I would really appreciate if someone could shed some light on how a foreign employer could contribute superannuation. I am sure there will be someone who is/was working for a foreign company which does/did not have ABN.

Is there any other way to go ahead with this offer without violating any regulations? One could be to get the company to register them in Australia but I am not sure whether they will be willing to do that.

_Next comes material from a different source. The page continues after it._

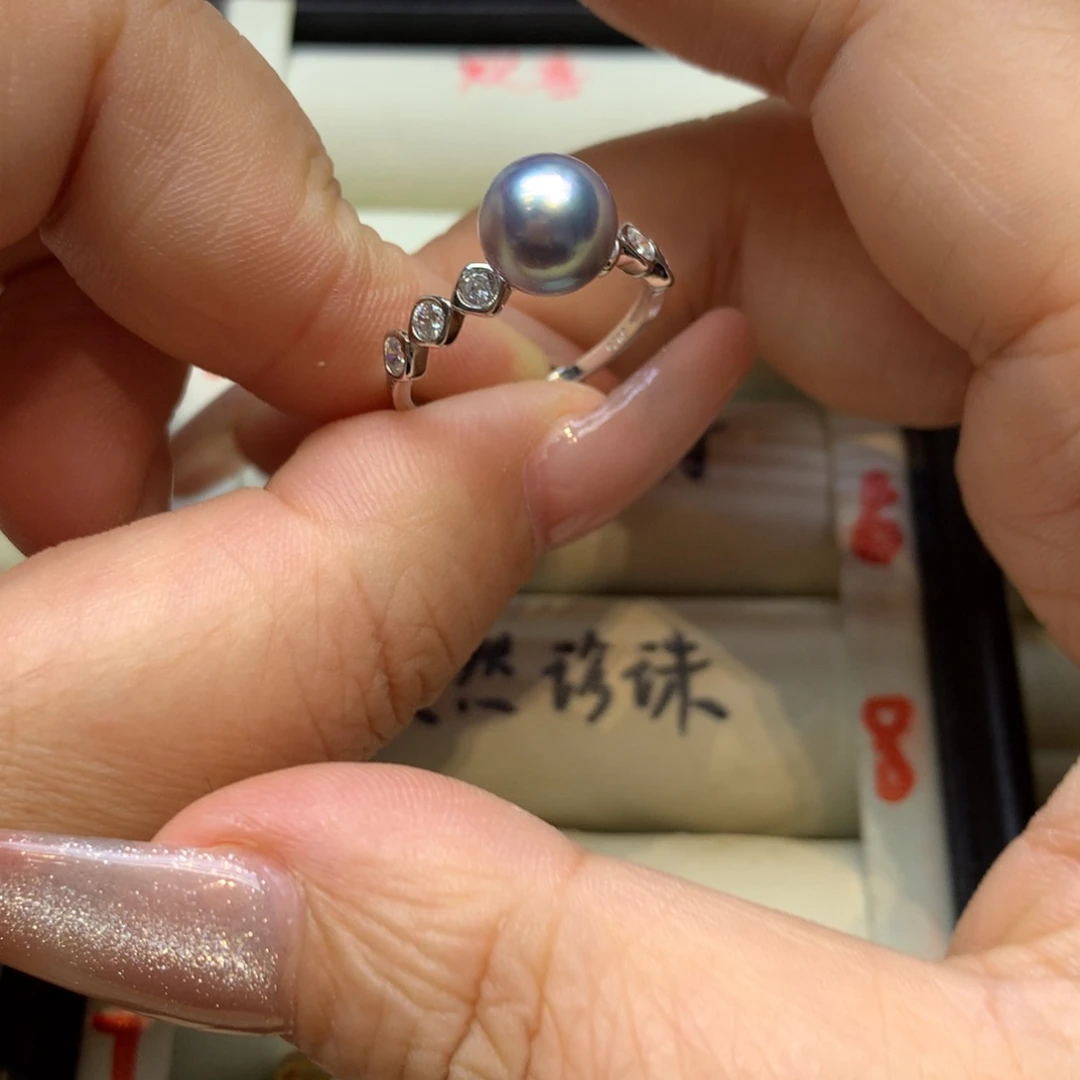 银S925镶嵌戒指海水珍珠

Aren't there other foreign companies who are getting consultancy services from Australians on a full time basis for a predefined period?

Thanks.


----------



## rani

Hi nimalan 
I'm really not qualified to answer your questions I'm sure there must be someone/companies doing consultancy in Australia but whether people here would have the right type of knowledge to help you I don't know.

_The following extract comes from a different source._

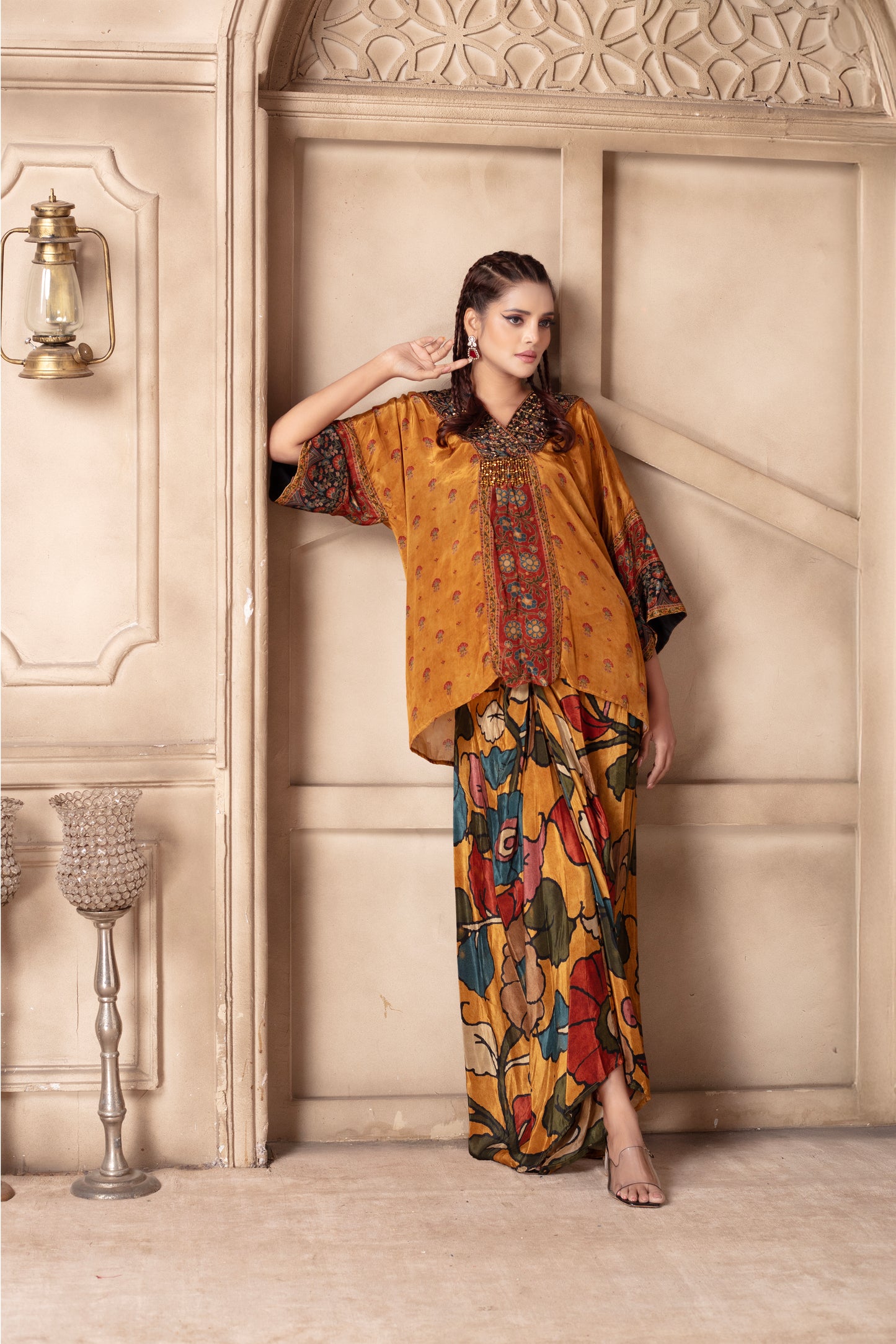 Yellow Embroidered Draped Skirt Set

This tool can help the company work out whether you should be considered an employee or a contractor 
https://www.ato.gov.au/Calculators-and-tools/Employee-or-contractor/
But from your point of view I would still be concerned about the 80% rule.

You could try contacting the Australian Taxation Office because if they can't help you they may at least be able to point you in the right direction


----------



## Mish

I would be talking to a registered accountant and getting some rules from them. They are more qualified to help. Honestly the people on people desks probably aren't going to be able to give you the information you need. Usually call centres just give you basic information. .

I would also be getting a registered accountant to do your taxes it sounds complex and messy.

Please let us know what you find out though. I would be interested to know.


----------